How, exactly, do cannabis shop workers come up with product recommendations to customers?
That question was the basis of a study published Wednesday in JAMA Network Open. University of Pittsburgh researchers led a team of mostly clinicians that conducted a national cross-sectional survey of people who worked at a cannabis shop that sold cannabis that contained THC, and who talked to customers about their purchases. The survey of 434 respondents from 351 “unique” cannabis shops was conducted between February and October 2020, and specifically asked those who participated about their approaches to “formulating customer recommendations and talking to customers about risks.”
Most of the people who answered the survey were budtenders (40%), followed by “managers” (32%), and then “pharmacists,” which accounted for just 13% of respondents.
And, more surveys came from New York, Oregon, California, and Florida than from other regions, and researchers noted that roughly one-third of responses “were from states in which adult use is legal.”
Results showed that 74% of respondents said they made their recommendations to customers based on the buyer’s “medical condition,” while 70% said they were based on other customers’ experiences, and 63% reported they were based on “the customer’s prior experience with cannabis.” Finally, researchers noted, only 40% of respondents said it came down to “clinician input.”

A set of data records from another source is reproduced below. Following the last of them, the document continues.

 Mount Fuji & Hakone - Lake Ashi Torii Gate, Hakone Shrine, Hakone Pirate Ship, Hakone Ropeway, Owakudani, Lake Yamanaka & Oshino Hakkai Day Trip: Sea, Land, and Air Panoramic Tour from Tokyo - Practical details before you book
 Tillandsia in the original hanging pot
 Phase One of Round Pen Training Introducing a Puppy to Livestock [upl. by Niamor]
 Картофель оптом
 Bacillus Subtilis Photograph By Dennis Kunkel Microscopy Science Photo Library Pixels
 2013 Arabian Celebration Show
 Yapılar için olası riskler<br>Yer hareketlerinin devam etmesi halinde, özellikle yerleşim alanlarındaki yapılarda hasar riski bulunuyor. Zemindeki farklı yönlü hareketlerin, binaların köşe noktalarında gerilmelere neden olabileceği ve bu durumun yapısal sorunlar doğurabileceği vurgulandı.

“Most respondents routinely advised customers about safe storage and common adverse effects, but few counseled customers about cannabis use disorder, withdrawal, motor vehicle collision risk, or psychotic reactions,” researchers highlighted.

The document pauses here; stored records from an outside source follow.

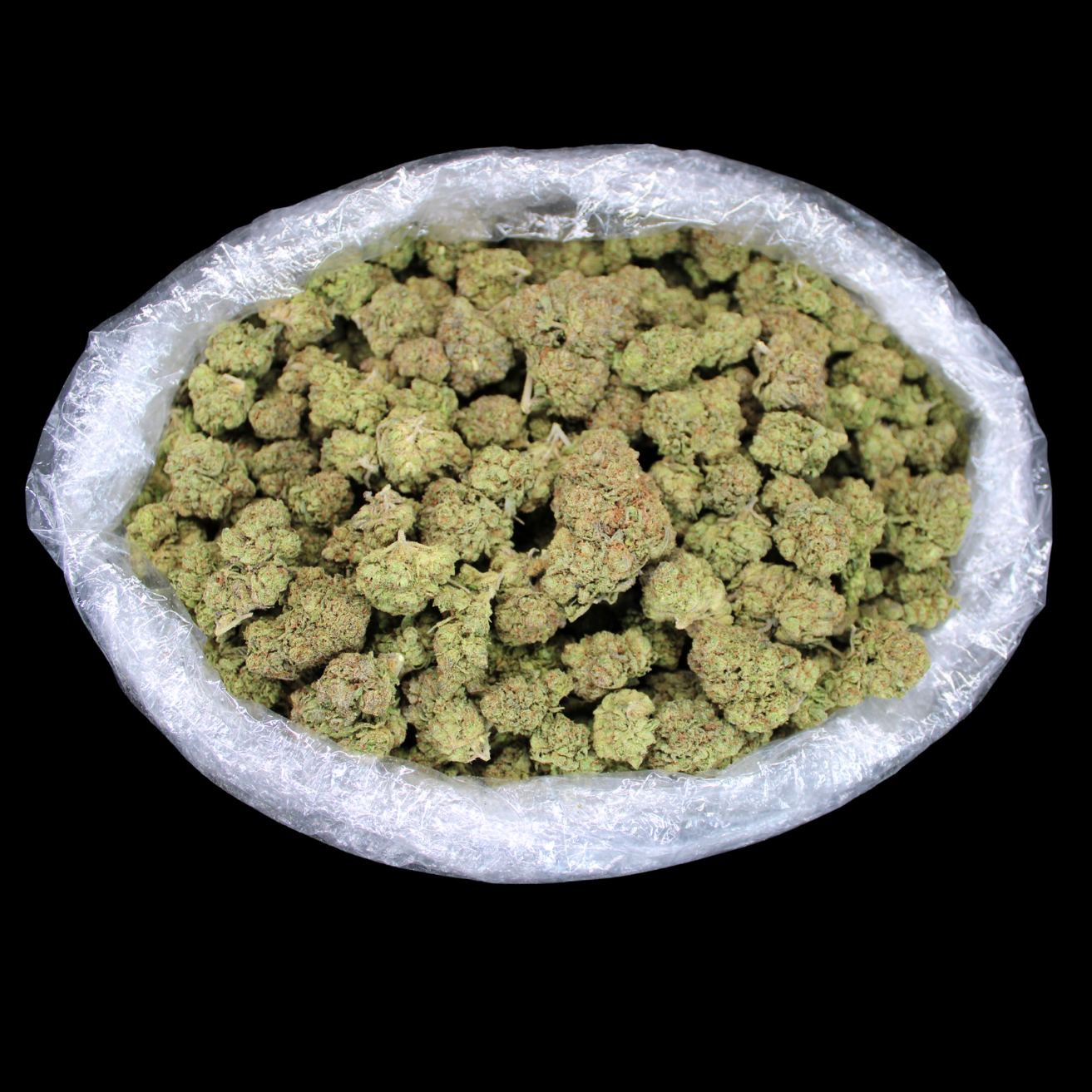 THCA Queen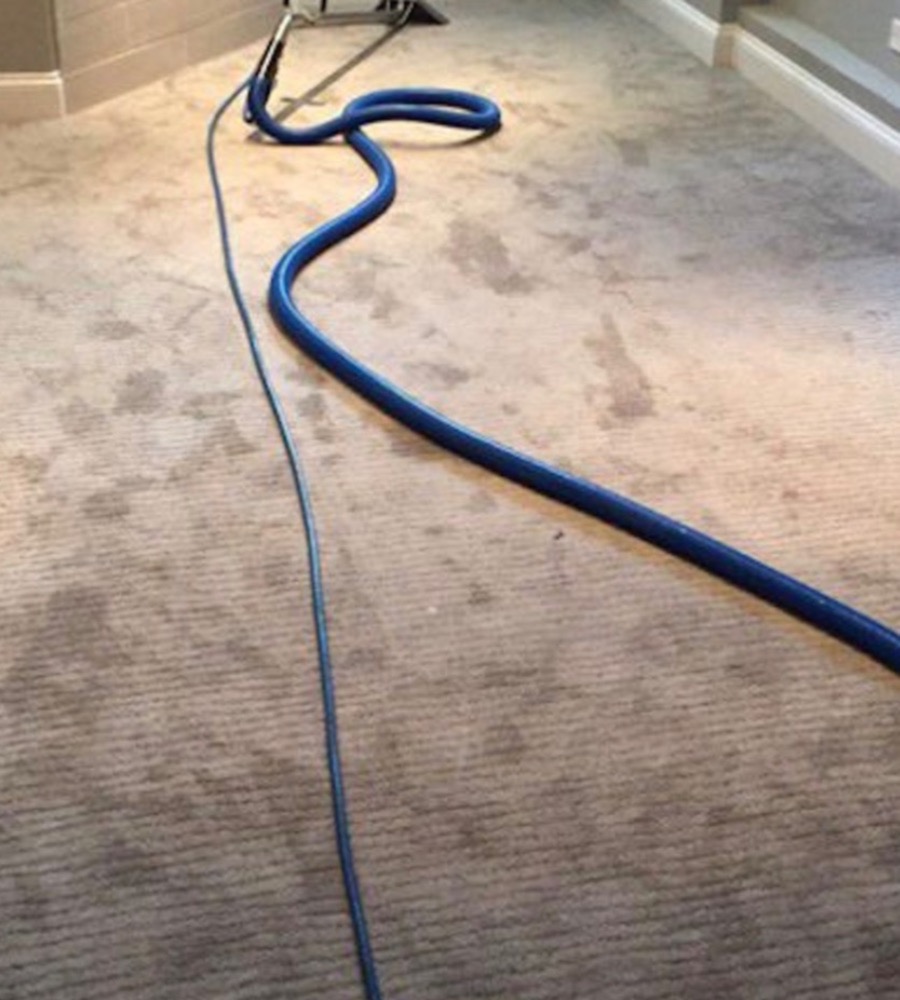 Carpet 3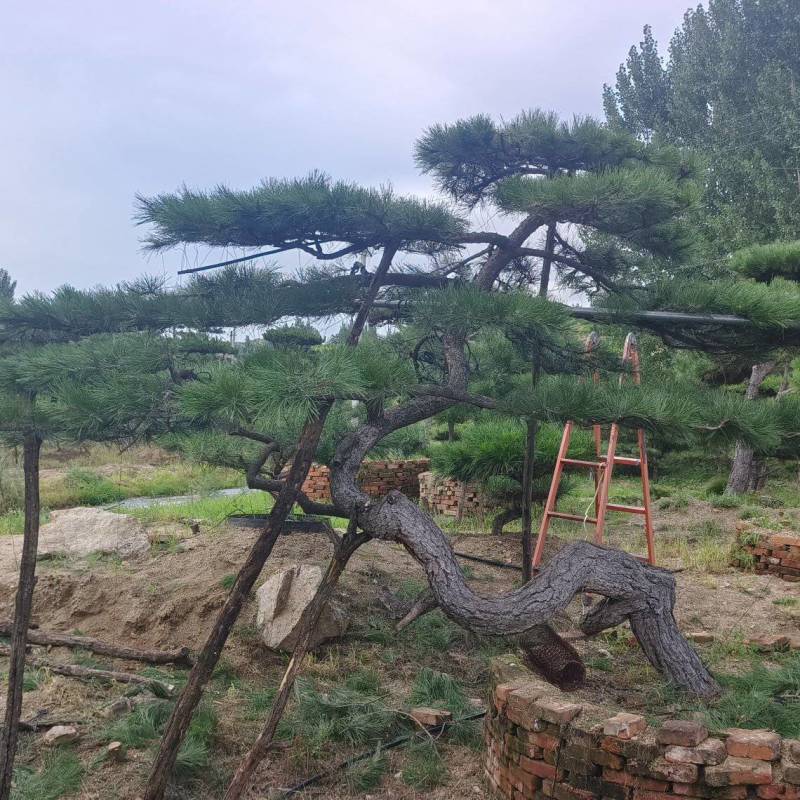 绿化苗木，松树，斜杆弯杆，造型松，规格齐全，质优价廉。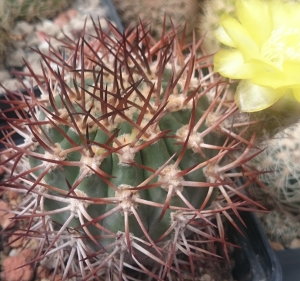 Körper von Acanthocalycium thionanthum var. copiapoides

This is what most surprised Jessica Merlin, lead researcher and associate professor of medicine at the University of Pittsburgh.

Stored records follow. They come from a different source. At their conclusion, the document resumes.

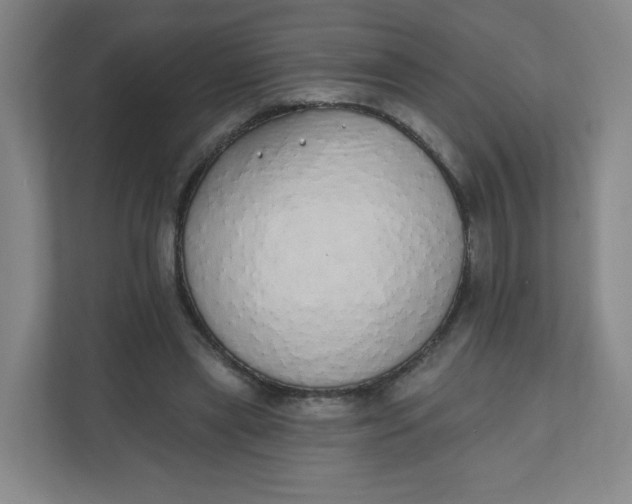 X0000110760445200906291031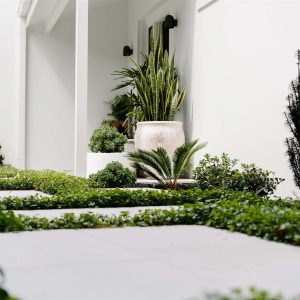 Large steppers for backyard gardening ideas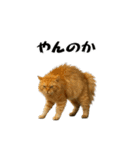 強猫と弱猫（個別スタンプ：2）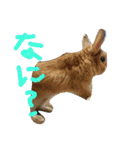 zoo2（個別スタンプ：6）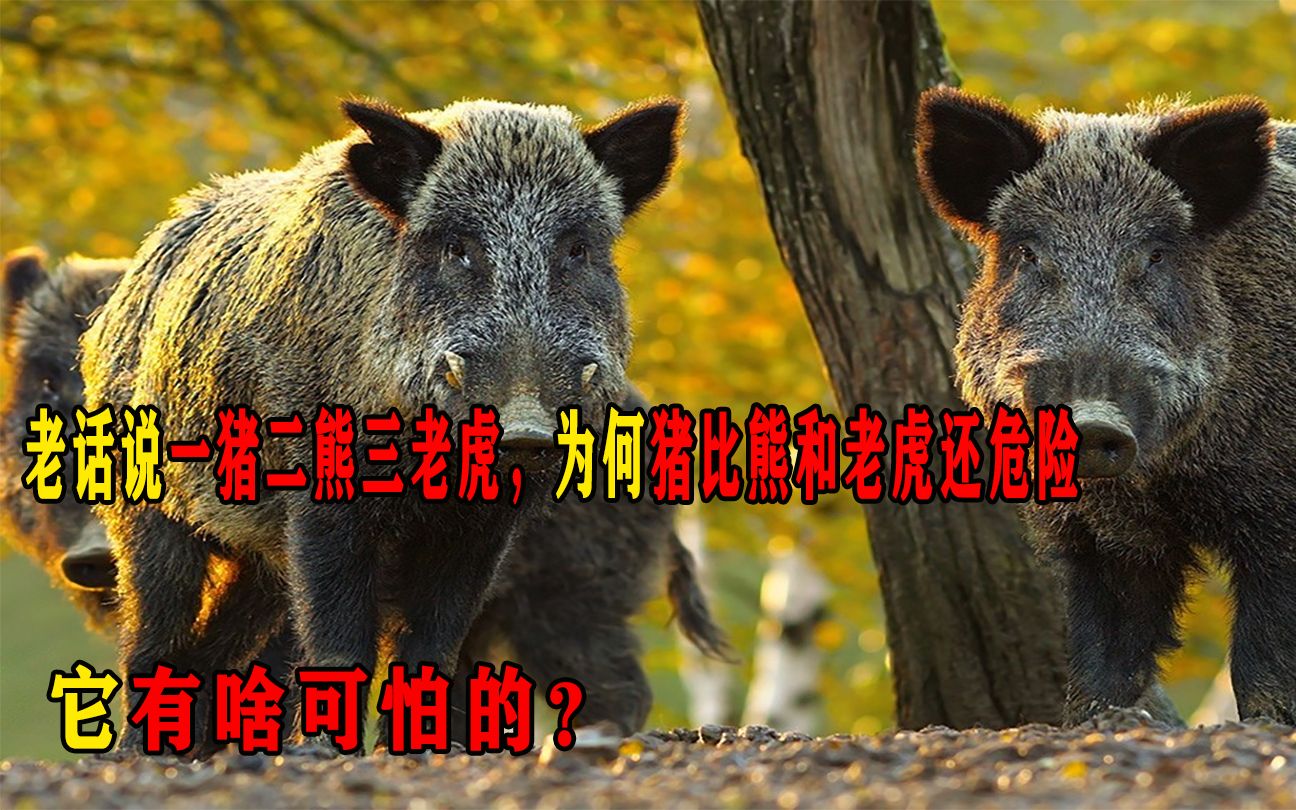 老话说一猪二熊三老虎,为何猪比熊和老虎还危险,它有啥可怕的?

“The thing that really struck me about this is that dispensaries really operate in a different paradigm than what we’re used to as a medical paradigm,” Merlin said. “In the medical paradigm, we always think about, with any therapy, both the benefits and the potential risks or harms. And so I think what really stood out to me is that I want my patients to know about the potential harms of cannabis so that they can be really informed consumers and use the product safely as possible. I cannot expect that to happen at a dispensary.”
What prompted this research?
“We know that we actually don’t know what goes on in the dispensary. And, it occurs to us that the role that oftentimes we play as physicians when we, for example, prescribe medication, is now being filled by somebody with a training background and a role that we’re just unfamiliar with,” Merlin told Cannabis Wire.
Recruitment for the study was far from straightforward, as researchers first wanted to reach employees at cannabis shops by phone, using a script that asked managers to distribute the survey to “frontline staff.”
“We found that dispensary managers were often difficult to reach, and managers and higher-level administrators expressed concern about the potentially proprietary nature of the information we wished to gather (eg, dispensary practices) and our intentions regarding speaking directly to staff (eg, poaching staff for opening of new dispensaries),” researchers noted. “This recruitment method led to few completed surveys.”
Researchers then “purchased” a list of nearly 5,000 U.S. dispensaries from a “marketing company,” and then filled in the gaps through listings on Weedmaps, for example. Merlin said researchers did not verify whether the shops were licensed through the state because “when people go out into the world,” to obtain cannabis, “they can go anywhere,” licensed or unlicensed storefronts.
This study was funded through “internal funds” within the University of Pittsburgh.